Pondy’s view in the “process of conflict”
Pondy’s view in the “process of conflict”
Pondy views conflict as a process consists of 5 stages – latent conflict, perceived conflict, felt conflict, manifest conflict and conflict aftermath. Managers can use Pondy’s model to interpret and analyze a conflict situation and take action to resolve it.
In latent conflict, there’s no outright conflict but there’s a potential for several sources of conflict, such as interdependence, differences in goals and priorities, bureaucratic factors, incompatible performance criteria and competition for resources.
As organization differentiate, activities of different subunits are interdependent. Each subunit develops a desire for autonomy and begins to pursue goals and interests that it values over the goals of other subunits. Since the activities of the subunits are interdepedent, subunits’ desire for autonomy leads to conflict between groups.
Differences in subunit orientation affect the way each division views the world and cause each subunit to pursue different goals that are often inconsistent or incompatible. The potential for conflict arises once their goals become incompatible. This is because the goals of one subunit may affect the ability of anothe to achieve its goals.
Latent conflict may also arise by the way which task relationships develop in organizations. Conflict can occur because of status inconsistencies between different groups in the organization’s bureaucracy. One of the bureaucratic conflict occurs between staff and line functions. A line function is directly involved in the production of the organizaion’s outputs while staff functions advise and support the line function such as personnel and accounting.
In most organizations, people in line functions view themselves as the critical organizational resource and people in staff functions as secondary players. Thus, they always uses its status a the producer of goods and services to justiry putting its interests ahead of the other function’s interests. This results in conflict.

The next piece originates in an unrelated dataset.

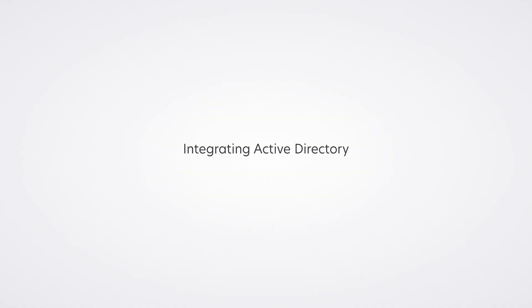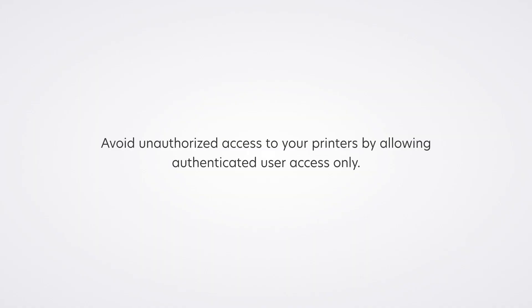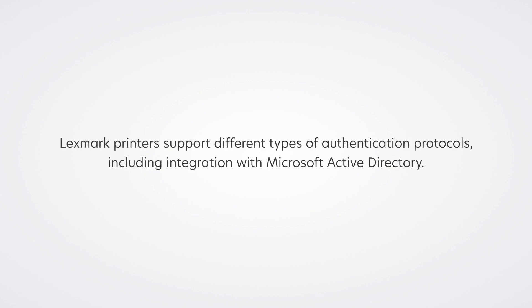Integrating Active Directory: avoid unauthorized access to your printers by allowing authenticated user access only. Lexmark printers support different types of authentication protocols, including integration with Microsoft Active Directory.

Sometimes goals incapability are not the souce of conflict. However, it is because of the way organization monitor, evaluate and rewards different subunits. The way an organization designs its structure to coordinate subunits can affect the potential for conflict as well.
Other than thses, conflict may arise because of the limited resouces as well. When resources are limited, choices aobut the allocation of them have to be made and the subunits will have to compete for their share. Divisions will have to fight to increase their share of funding because the more funds they can obtain, the faster they can grow.

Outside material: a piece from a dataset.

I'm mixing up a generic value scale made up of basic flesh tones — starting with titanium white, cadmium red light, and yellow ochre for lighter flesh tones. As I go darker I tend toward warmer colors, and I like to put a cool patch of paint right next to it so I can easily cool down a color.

Perceived conflict is the second stage of Pondy’s model. Perceived conflict begins when subunits perceives that its goals are being thwarted by the actions of another group. Each group searches for the origin of the conflict and constructs a scenario that accounts for the problems that it’s experiencing with other subunits. For example, the manufacturing function suddenly realize that the cause of many of its production problems is defective inputs. After some investigation, they found that the materials management always buys inputs from the lowest-cost sources of supply and makes no attempt to develop the kind of long-term relationships with suppliers that can raise the quality and reliability of inputs. So, the manufacturing will perceive the materials management as thwarting its goal and interests.

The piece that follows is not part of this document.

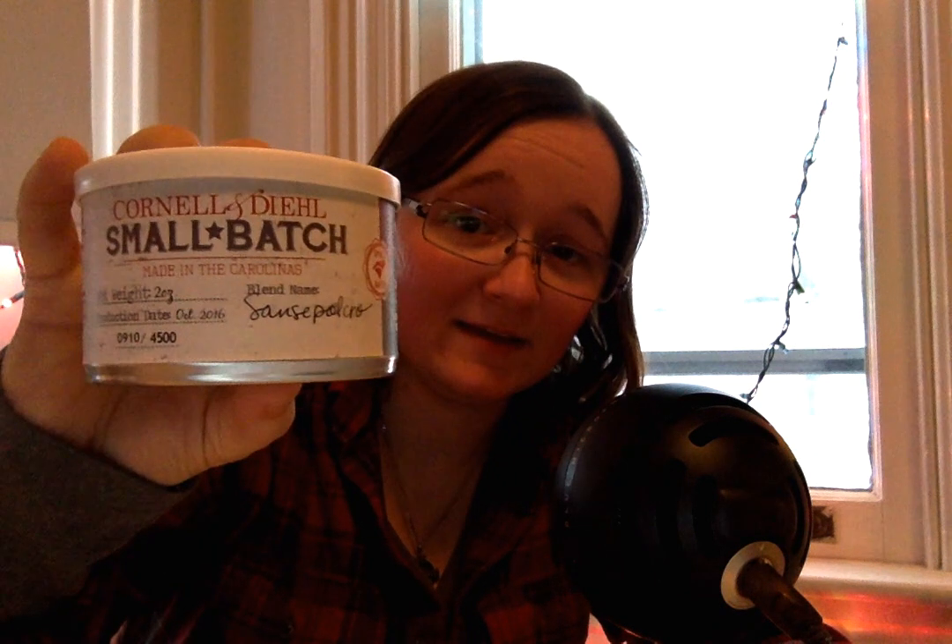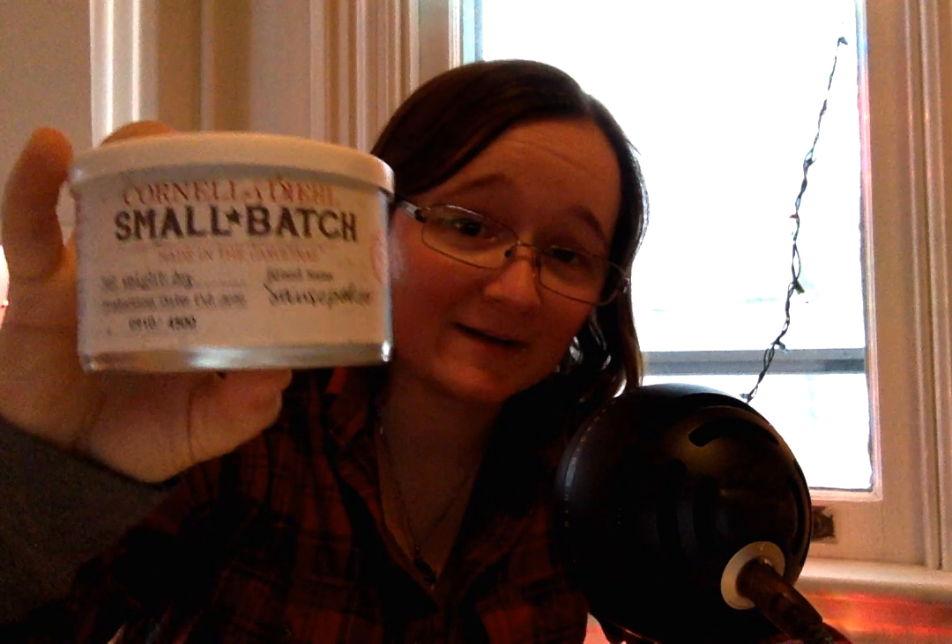It's the side of the table that I'm always facing instead of the side I'm actually at. But I did say I was going to be trying this Cornell & Diehl Small Batch San Sepulcro that I received in a Yabo from Matt Butler, and I have not spoken about it online — in fact I haven't even had time to have a second bowl of it. As anyone during this time of year can probably relate, it's kind of going, going, going with the holidays coming on.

In felt conflict stage, subunits in conflict quickly develop an emotional response toward each other. Cooperation between subunits and organizational effectiveness will fall if conflict arises. The conflict arises as the different subunits in conflict battle and argue their points of views. The real problem may be relatively minor, but it will turn into a big conflict which become more and more difficult to manage if we didn’t resolve it. It will quickly reach the fourth stage, which is the manifes conflict if the conflict is not resolved.
In the manifest conflict stage, one subunits gets back at another subunits by attempting to thwart its goals. Open aggression between people and groups is common. There are many stories and myths in organizations about board-room fights in which managers come to blows as they seek to promote their interests. Infighthing in the top-management team is very common as managers seek to promote their own careers at the expense of others. Once manifest conflict occur, organizaional effectiveness will suffer because the intefration and coordination between managers and subunits will break down. Managers have to avoid conflict from reaching this stage.
If the sources of the conflict was not resoved, it will cause conflict to occur again, but may be in another context. Every stage of conflict leaves a conflict aftermath which affects they way the parties percieve conflict and react to future conflict stages. The aftermath will promote good future working relationships if a conflict is resolved before it gets to the manifest-conflict stage. However, if the conflict wasn’t resolved, the aftermath will be worse future working relationships.